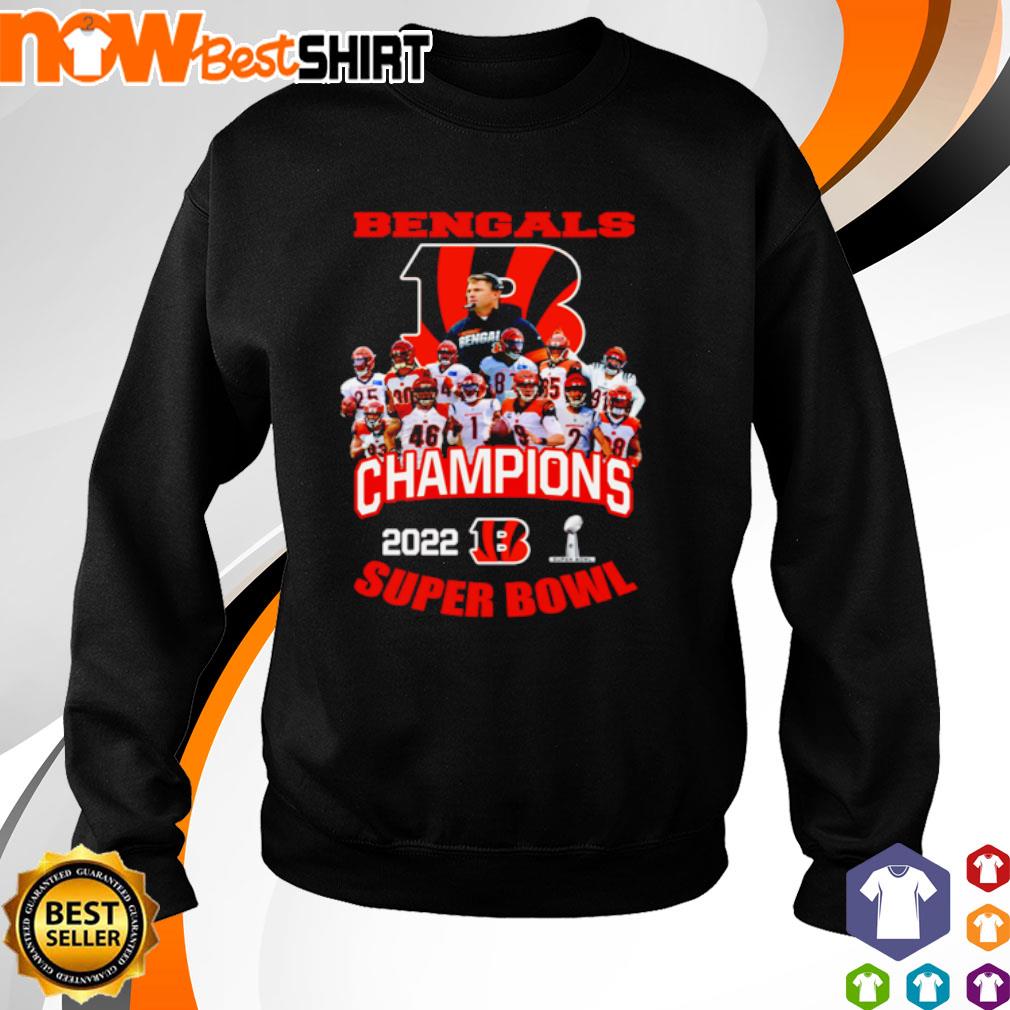 2022 Super Bowl Cincinnati Bengals Champions shirt - Yesweli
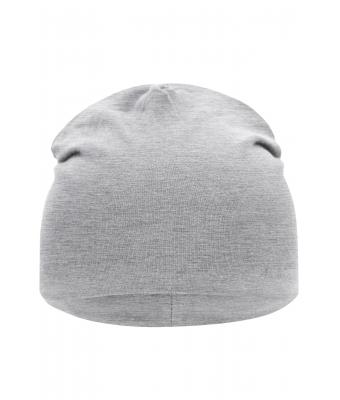 Unisex Jersey Beanie Grijs-melange 8430
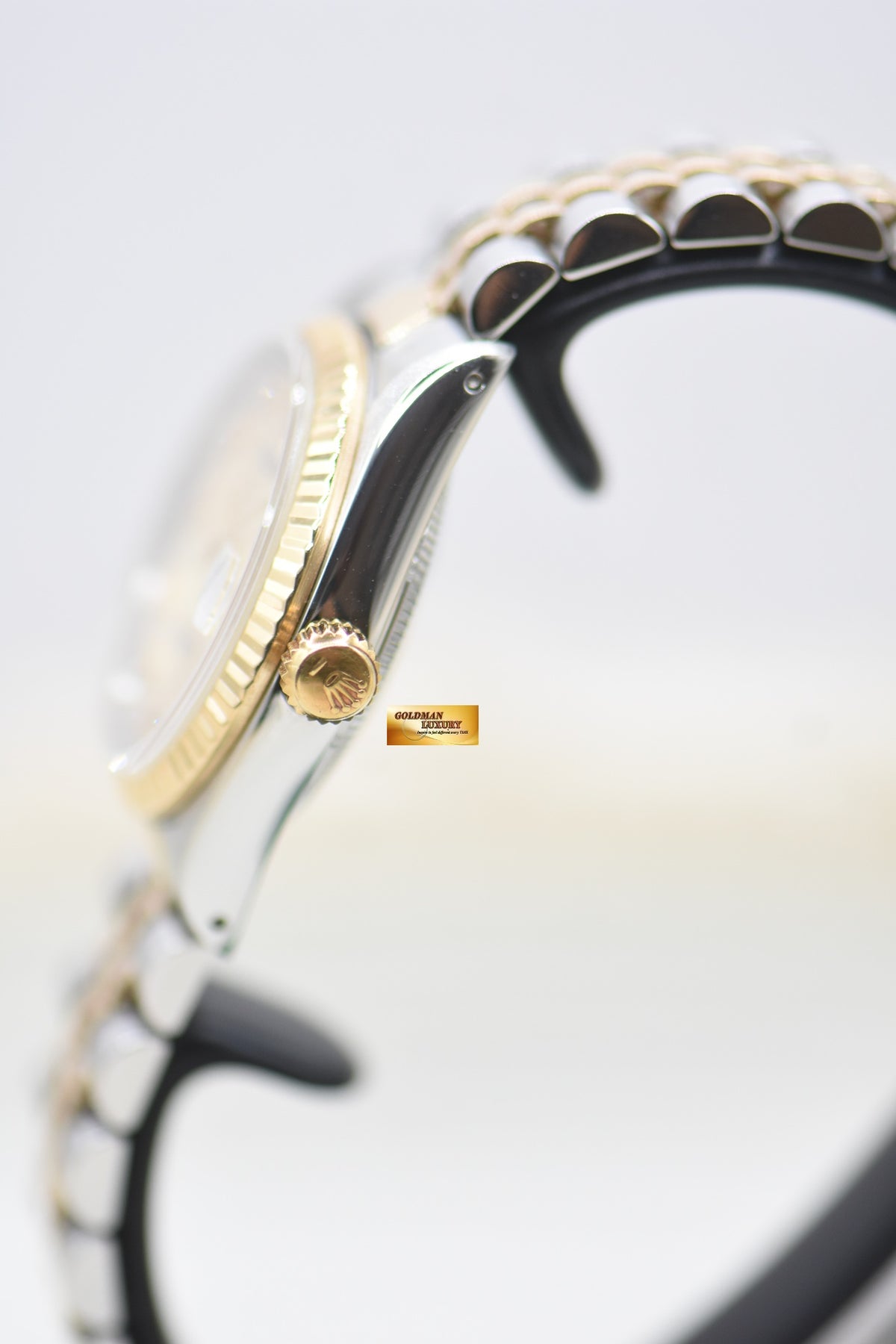 ROLEX OYSTER DATEJUST 31mm HALF-GOLD IN JUBILEE BRACELET COMPUTER DIAMOND DIAL 68273 (MINT)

WHAT TO PRODUCE | Set down the material once more, exactly, with the pictures omitted.

OUTPUT FOR THIS TASK |
 2022 Super Bowl Cincinnati Bengals Champions shirt - Yesweli
 Unisex Jersey Beanie Grijs-melange 8430
 ROLEX OYSTER DATEJUST 31mm HALF-GOLD IN JUBILEE BRACELET COMPUTER DIAMOND DIAL 68273 (MINT)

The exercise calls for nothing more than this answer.